The judge ordered Complete Care to post a bond of $25,000 "to cover even the slightest possibility that State Farm could be damaged." State Farm must immediately stop sending breach letters and has 20 days to send a letter to every Complete Care patient who received a breach letter advising that the insurer has retracted all prior letters, according to the order.

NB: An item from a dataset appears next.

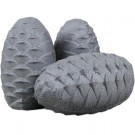 Чугунная шишка d-53 мм, 4 шт (ТехноЛит)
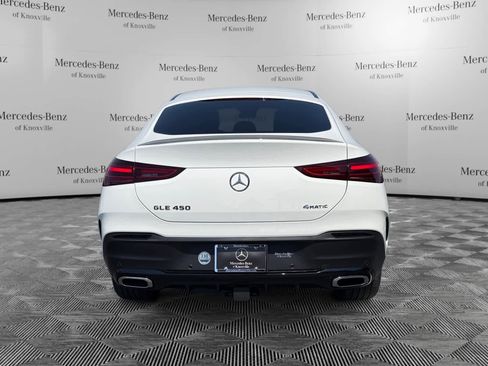 New 2026 Mercedes-Benz GLE 450 4MATIC Coupe image 4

State Farm must also process PIP claims submitted by Complete Care since April 1 and has to assign three employees to handle all Complete Care PIP claims during the litigation so that in the event there are accusations that State Farm is violating the injunction, the court will know who needs to be deposed to find out what is happening, according to the order.
"This is about protecting Florida drivers' access to care after an accident, and most importantly it protects patients' rights to visit the doctor of their choice following an accident," Jason Goldman of Davis Goldman PLLC, who represents Complete Care, said in a statement. "The court made clear that insurers like State Farm cannot act as the accuser, judge, jury and executioner by unilaterally refusing to process and pay all claims for PIP benefits submitted by a particular medical provider."
Attorneys for State Farm did not immediately respond to a request for comment.
Complete Care is represented by John D. Goldsmith and Patrick M. Causey of Trenam Law, and Jason N. Goldman of Davis Goldman PLLC.
State Farm is represented by David I. Spector and James J. Duffy of Holland & Knight LLP and Jordanne A. Spencer of Cole Scott & Kissane PA.
The case is Complete Care Centers LLC v. State Farm Mutual Automobile Insurance Co. et al., case number 25-CA-001063, in the Thirteenth Judicial Circuit Court of Florida.